Take away: Reduced form models can be very interesting. However, instrumental variables models are rarely much more interesting.  In fact, all the additional interestingness of the IV model arises from the exclusion restriction that is assumed, but this assumption is usually false (recall: how many papers use weather as an instrument?), so the IV model is probably exactly as interesting as the reduced form, except that it has larger standard errors and the wrong units.

[If you disagree, send me a clear visualization of your 2SLS results and all the steps you used to get there.  I'd love to be wrong here.]

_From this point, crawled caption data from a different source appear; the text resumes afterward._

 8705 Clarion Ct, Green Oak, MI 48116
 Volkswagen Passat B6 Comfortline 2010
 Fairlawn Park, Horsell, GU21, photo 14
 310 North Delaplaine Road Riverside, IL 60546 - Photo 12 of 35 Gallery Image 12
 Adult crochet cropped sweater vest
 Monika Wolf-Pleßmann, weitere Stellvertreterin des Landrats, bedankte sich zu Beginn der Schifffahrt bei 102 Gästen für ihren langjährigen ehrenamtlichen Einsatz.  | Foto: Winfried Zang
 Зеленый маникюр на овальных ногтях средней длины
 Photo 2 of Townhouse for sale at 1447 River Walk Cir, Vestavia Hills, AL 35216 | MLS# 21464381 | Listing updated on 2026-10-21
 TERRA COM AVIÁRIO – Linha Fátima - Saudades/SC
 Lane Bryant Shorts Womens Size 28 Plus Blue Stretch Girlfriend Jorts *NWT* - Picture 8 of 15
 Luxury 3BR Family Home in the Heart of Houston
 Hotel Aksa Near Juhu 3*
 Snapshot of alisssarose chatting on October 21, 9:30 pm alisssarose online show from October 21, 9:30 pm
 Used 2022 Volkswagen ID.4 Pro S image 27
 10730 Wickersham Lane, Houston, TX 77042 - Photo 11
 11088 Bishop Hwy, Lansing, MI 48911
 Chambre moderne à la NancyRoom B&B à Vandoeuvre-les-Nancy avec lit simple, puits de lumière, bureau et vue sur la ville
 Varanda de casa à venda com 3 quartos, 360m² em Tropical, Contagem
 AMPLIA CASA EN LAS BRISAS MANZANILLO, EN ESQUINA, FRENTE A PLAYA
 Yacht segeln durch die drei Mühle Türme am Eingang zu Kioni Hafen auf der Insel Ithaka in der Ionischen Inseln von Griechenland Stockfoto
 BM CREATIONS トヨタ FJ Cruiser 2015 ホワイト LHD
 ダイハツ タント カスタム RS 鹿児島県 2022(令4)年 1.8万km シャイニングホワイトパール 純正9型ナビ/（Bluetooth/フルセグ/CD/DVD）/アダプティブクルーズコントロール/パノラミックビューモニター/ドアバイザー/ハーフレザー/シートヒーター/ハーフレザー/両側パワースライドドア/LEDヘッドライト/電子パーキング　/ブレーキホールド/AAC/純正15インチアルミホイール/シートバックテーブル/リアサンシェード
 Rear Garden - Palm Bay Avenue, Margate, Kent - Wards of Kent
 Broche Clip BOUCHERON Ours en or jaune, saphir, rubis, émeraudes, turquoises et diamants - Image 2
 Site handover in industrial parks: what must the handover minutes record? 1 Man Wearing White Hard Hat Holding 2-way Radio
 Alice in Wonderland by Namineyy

-----------------------------------------------------------------------------------------
[below is the STATA script that will generate the first figure in the post]

cd ~/Desktop
clear
set obs 100
//generate the instrument
gen z = runiform()
//generate noise terms
gen e1 = rnormal()*.5
gen e2 = rnormal()*.5
//generate the variable to be instrumented for
gen x = 2*z + e1
//generate the outcome
gen y =1*x + e2
reg x z
predict x_hat, xb
lab var x_hat "x_hat = z*b"
//------------check 2SLS
reg y x
reg y x_hat
ivregress 2sls y (x = z)
//------------graph relationship
tw (sc y z)(lfit y z, lcolor(blue)), tit(reduced form) ytit(y) saving(reduced_form, replace) legend(off)
tw (sc x z)(sc x_hat z, mcolor(red) m(Oh)), tit(first stage) ytit(x) saving(first_stage, replace) legend(off)
tw (sc x_hat x_hat, mcolor(red) m(Oh)), tit(reflection) ytit(x_hat = z*b) saving(reflection, replace) legend(off)
tw (sc y x_hat)(lfit y x_hat, lcolor(red)), tit(second stage) ytit(y) saving(second_stage, replace) legend(off)
graph combine reduced_form.gph  second_stage.gph first_stage.gph reflection.gph, xcommon ycommon
graph export "IV_graph.pdf"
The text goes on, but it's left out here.